+++ INPUT DATA

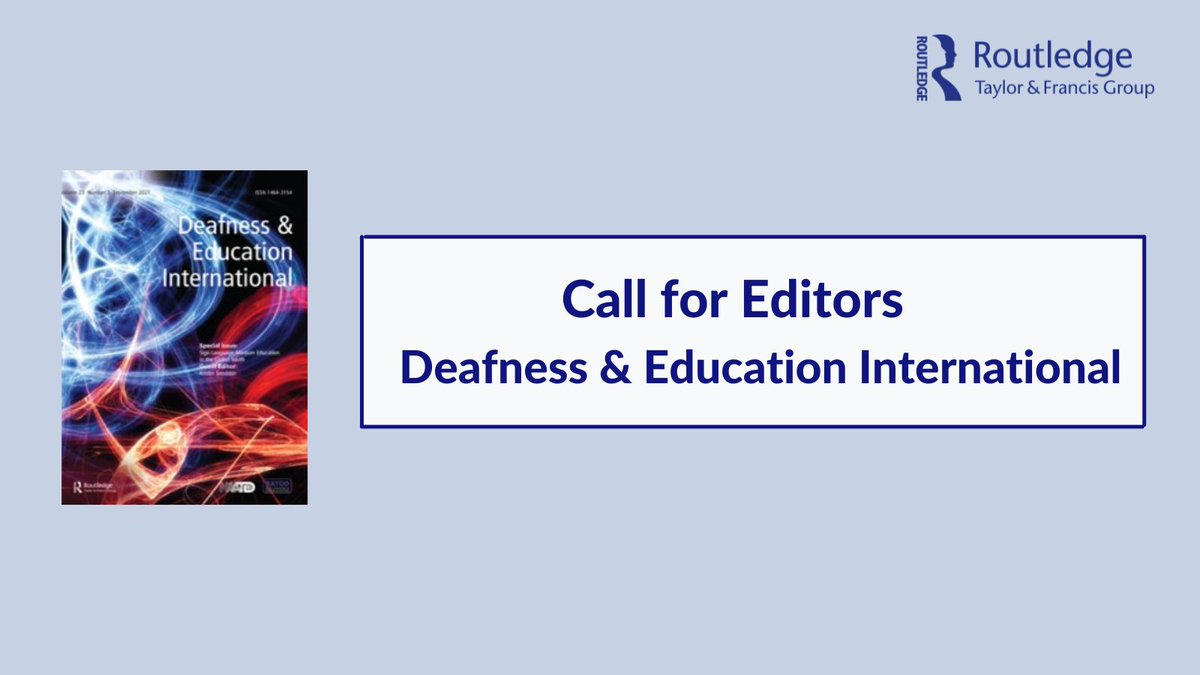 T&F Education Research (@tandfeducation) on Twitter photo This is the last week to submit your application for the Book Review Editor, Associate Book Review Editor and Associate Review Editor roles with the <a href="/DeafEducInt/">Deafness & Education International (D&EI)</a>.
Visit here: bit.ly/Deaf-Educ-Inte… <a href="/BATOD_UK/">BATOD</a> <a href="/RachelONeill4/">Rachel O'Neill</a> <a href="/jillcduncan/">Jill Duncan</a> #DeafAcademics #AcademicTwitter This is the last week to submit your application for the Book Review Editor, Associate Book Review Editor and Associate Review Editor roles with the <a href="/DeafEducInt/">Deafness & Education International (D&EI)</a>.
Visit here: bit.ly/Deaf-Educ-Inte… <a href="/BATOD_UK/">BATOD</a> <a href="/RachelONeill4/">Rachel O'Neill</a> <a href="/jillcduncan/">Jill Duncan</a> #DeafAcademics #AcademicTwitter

++++++

YOUR INSTRUCTIONS:
Copy out precisely those lines which run from the one containing "#DeafAcademics #AcademicTwitter This" to the end of the material.

RESPONSE TO THE EXERCISE:
Visit here: bit.ly/Deaf-Educ-Inte… <a href="/BATOD_UK/">BATOD</a> <a href="/RachelONeill4/">Rachel O'Neill</a> <a href="/jillcduncan/">Jill Duncan</a> #DeafAcademics #AcademicTwitter This is the last week to submit your application for the Book Review Editor, Associate Book Review Editor and Associate Review Editor roles with the <a href="/DeafEducInt/">Deafness & Education International (D&EI)</a>.
Visit here: bit.ly/Deaf-Educ-Inte… <a href="/BATOD_UK/">BATOD</a> <a href="/RachelONeill4/">Rachel O'Neill</a> <a href="/jillcduncan/">Jill Duncan</a> #DeafAcademics #AcademicTwitter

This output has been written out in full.